Zeit, in die Gänge zu kommen

Die E-Mobilität könnte ein profitables Geschäftsfeld für Stadtwerke werden. Dazu müssen die Unternehmen aber noch eine Reihe von Hausaufgaben machen.
Die Energiewende nur als Stromwende zu begreifen, ist zu kurz gesprungen. Darüber herrscht weitgehend Einigkeit unter Wissenschaftlern, Politikern und Unternehmenslenkern. Neben der Wärmewende ist die Verkehrswende ein weiterer wesentlicher Erfolgsfaktor auf dem Weg zur Erreichung der nationalen und internationalen Klimaziele. Und so, wie die Stromwende vor allem im Verteilnetz stattfindet, vollzieht sich die Verkehrswende vor allem in den Städten und Ballungsräumen.

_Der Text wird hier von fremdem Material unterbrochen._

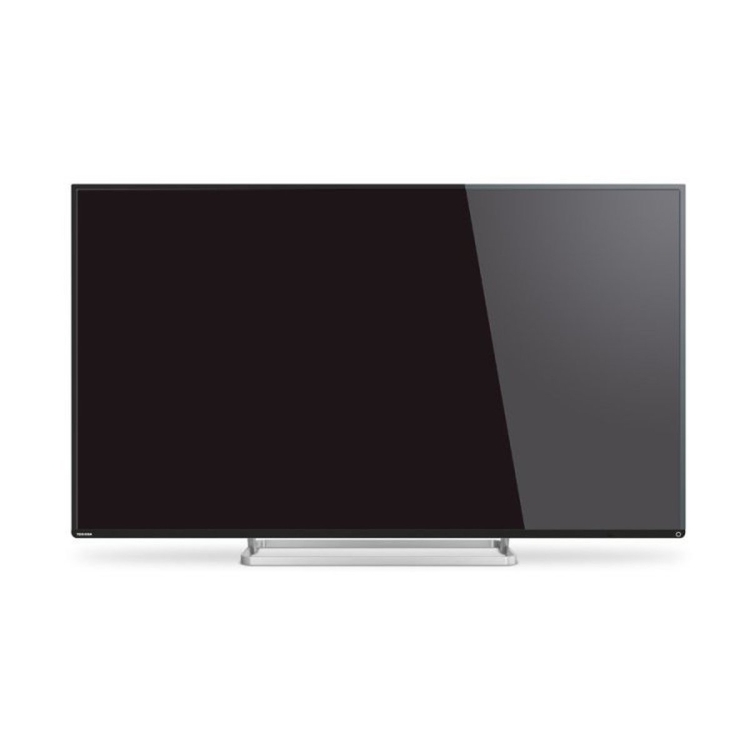 Toshiba 55L7453RB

Daher ist den Stadtwerken die Rolle des Protagonisten der Verkehrswende förmlich auf den Leib geschrieben: als Stromlieferant, als Infrastrukturdienstleister und -betreiber, als Daseinsvorsorger, als Mobilitätsdienstleister, mitunter als Innovationstreiber und als Unternehmen mit unmittelbarem und nachhaltigem Zugang zu den Bürgerinnen und Bürgern im Privatkundengeschäft.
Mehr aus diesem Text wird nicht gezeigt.